Monsoon rains display weakness on retreat
NEW DELHI (Reuters) - India's monsoon looks a week or so ahead of schedule as next week's rains are again expected to be below average, but key summer crops have already had ample rainfall and should help to produce bumper harvests.
The government is relying on higher farm output to help ease inflation and boost agricultural growth in one of the world's biggest food consumers and producers.
Rainfall was 25 percent below average in the week ending September 18 compared with a 37 percent shortage the previous week, the weather office's latest data showed on Thursday.
The monsoon has already receded from the grain basket area of northwest India and rains would further slacken next week in other parts of the country, weather officials said.
Rains will largely be confined to the central and southern parts of India next week, said B.P. Yadav, director of the state-run India Meteorological Department.
But rains at the tail end of the season will boost yields of rice, sugar cane, soybean and cotton, and also help growers cut their irrigation costs further.
The monsoon, vital for the 55 percent of farmland in India that does not have irrigation, usually starts retreating from western Rajasthan state by mid-September.
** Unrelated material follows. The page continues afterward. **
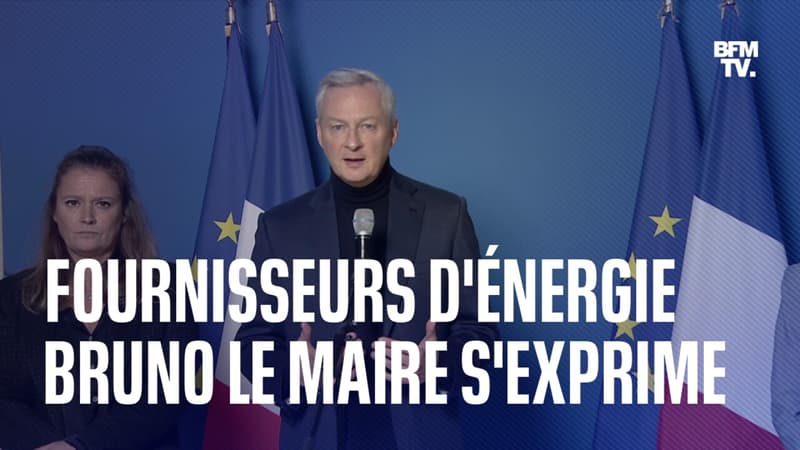 Les annonces de Bruno Le Maire sur le prix de l'énergie pour les PME après sa réunion avec les fournisseurs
This year, it started to fall back from September 9.
Patches of heavy rains recently have prompted some fears of vegetable crop damage in south, central and western India and stalled planting of onions, triggering hefty price rises that helped push food inflation to 18 percent in August, a three-year high.
India, one of the world's biggest producers and consumers of an array of farm commodities, heavily relies on annual monsoon rains to produce rice, corn, sugar, oilseeds and cotton.
Bountiful rains are expected to accelerate farm production growth.
"More rains will help double farm growth, as last year's drought-hit areas of southern and western India have received ample monsoon splash this year," said Prasoon Mathur, senior analyst at New Delhi-based Religare Commodities.
C. Rangarajan, Prime Minister Manmohan Singh's economic adviser, has forecast 4.8 percent farm growth in agricultural and allied activities in the current fiscal year to March.
The sector grew 1.8 percent in 2012/13, affected by poor rains that had caused droughts in six states, though the overall monsoon season in 2012 evaded a widespread drought.
Mathur said food prices would also start falling from next month when harvests reach the market.
Ample rains will lead to good soil moisture, raising prospects for higher output of winter-sown crops such as wheat and rapeseed.
Since June 1, when the four-month monsoon season began, rains have been 4 percent above average.